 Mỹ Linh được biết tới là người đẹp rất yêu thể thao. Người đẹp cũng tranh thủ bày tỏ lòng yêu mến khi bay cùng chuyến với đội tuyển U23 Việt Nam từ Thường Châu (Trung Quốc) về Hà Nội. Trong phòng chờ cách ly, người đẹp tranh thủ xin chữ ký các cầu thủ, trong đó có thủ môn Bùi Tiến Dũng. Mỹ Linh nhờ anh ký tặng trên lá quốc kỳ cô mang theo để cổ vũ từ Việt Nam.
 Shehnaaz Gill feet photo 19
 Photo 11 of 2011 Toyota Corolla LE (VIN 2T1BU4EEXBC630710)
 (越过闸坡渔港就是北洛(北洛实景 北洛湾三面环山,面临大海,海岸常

______________________________

= About this exercise =
Give back the material exactly as it is shown above.

= Solution to this problem =
 Mỹ Linh được biết tới là người đẹp rất yêu thể thao. Người đẹp cũng tranh thủ bày tỏ lòng yêu mến khi bay cùng chuyến với đội tuyển U23 Việt Nam từ Thường Châu (Trung Quốc) về Hà Nội. Trong phòng chờ cách ly, người đẹp tranh thủ xin chữ ký các cầu thủ, trong đó có thủ môn Bùi Tiến Dũng. Mỹ Linh nhờ anh ký tặng trên lá quốc kỳ cô mang theo để cổ vũ từ Việt Nam.
 Shehnaaz Gill feet photo 19
 Photo 11 of 2011 Toyota Corolla LE (VIN 2T1BU4EEXBC630710)
 (越过闸坡渔港就是北洛(北洛实景 北洛湾三面环山,面临大海,海岸常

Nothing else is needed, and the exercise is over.